21. A branch that started with (*ACCEPT) was not being recognized as one that
could match an empty string.
22. Corrected pcre2_set_character_tables() tables data type: was const unsigned
char * instead of const uint8_t *, as generated by pcre2_maketables().
23. Upgraded to Unicode 12.1.0.
24. Add -jitfast command line option to pcre2test (to make all the jit options
available directly).
25. Make pcre2test -C show if libreadline or libedit is supported.
26. If the length of one branch of a group exceeded 65535 (the maximum value
that is remembered as a minimum length), the whole group's length was
incorrectly recorded as 65535, leading to incorrect "no match" when start-up
optimizations were in force.
27. The "rightmost consulted character" value was not always correct; in
particular, if a pattern ended with a negative lookahead, characters that were
inspected in that lookahead were not included.

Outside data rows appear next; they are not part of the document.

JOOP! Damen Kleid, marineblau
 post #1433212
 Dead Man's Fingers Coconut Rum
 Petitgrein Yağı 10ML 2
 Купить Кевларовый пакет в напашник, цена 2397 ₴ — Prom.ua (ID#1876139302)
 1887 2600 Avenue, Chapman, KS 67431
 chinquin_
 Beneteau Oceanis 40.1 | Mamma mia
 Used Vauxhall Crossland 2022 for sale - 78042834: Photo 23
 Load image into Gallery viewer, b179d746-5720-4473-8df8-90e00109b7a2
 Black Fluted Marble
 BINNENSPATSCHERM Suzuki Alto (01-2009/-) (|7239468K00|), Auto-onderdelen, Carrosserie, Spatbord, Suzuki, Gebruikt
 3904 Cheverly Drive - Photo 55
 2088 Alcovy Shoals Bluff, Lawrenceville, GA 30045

28. Add the pcre2_maketables_free() function.
29. The start-up optimization that looks for a unique initial matching
code unit in the interpretive engines uses memchr() in 8-bit mode. When the
search is caseless, it was doing so inefficiently, which ended up slowing down
the match drastically when the subject was very long. The revised code (a)
remembers if one case is not found, so it never repeats the search for that
case after a bumpalong and (b) when one case has been found, it searches only
up to that position for an earlier occurrence of the other case. This fix
applies to both interpretive pcre2_match() and to pcre2_dfa_match().
30. While scanning to find the minimum length of a group, if any branch has
minimum length zero, there is no need to scan any subsequent branches (a small
compile-time performance improvement).
31. Installed a .gitignore file on a user's suggestion. When using the svn
repository with git (through git svn) this helps keep it tidy.
32. Add underflow check in JIT which may occur when the value of subject
string pointer is close to 0.
33. Arrange for classes such as [Aa] which contain just the two cases of the
same character, to be treated as a single caseless character. This causes the
first and required code unit optimizations to kick in where relevant.
34. Improve the bitmap of starting bytes for positive classes that include wide
characters, but no property types, in UTF-8 mode. Previously, on encountering
such a class, the bits for all bytes greater than \xc4 were set, thus
specifying any character with codepoint >= 0x100. Now the only bits that are
set are for the relevant bytes that start the wide characters. This can give a
noticeable performance improvement.
35. If the bitmap of starting code units contains only 1 or 2 bits, replace it
with a single starting code unit (1 bit) or a caseless single starting code
unit if the two relevant characters are case-partners. This is particularly
relevant to the 8-bit library, though it applies to all. It can give a
performance boost for patterns such as [Ww]ord and (word|WORD). However, this
optimization doesn't happen if there is a "required" code unit of the same
value (because the search for a "required" code unit starts at the match start
for non-unique first code unit patterns, but after a unique first code unit,
and patterns such as a*a need the former action).
36. Small patch to pcre2posix.c to set the erroroffset field to -1 immediately
after a successful compile, instead of at the start of matching to avoid a
sanitizer complaint (regexec is supposed to be thread safe).
37. Add NEON vectorization to JIT to speed up matching of first character and
pairs of characters on ARM64 CPUs.
38. If a non-ASCII character was the first in a starting assertion in a
caseless match, the "first code unit" optimization did not get the casing
right, and the assertion failed to match a character in the other case if it
did not start with the same code unit.
39. Fixed the incorrect computation of jump sizes on x86 CPUs in JIT. A masking
operation was incorrectly removed in r1136. Reported by Ralf Junker.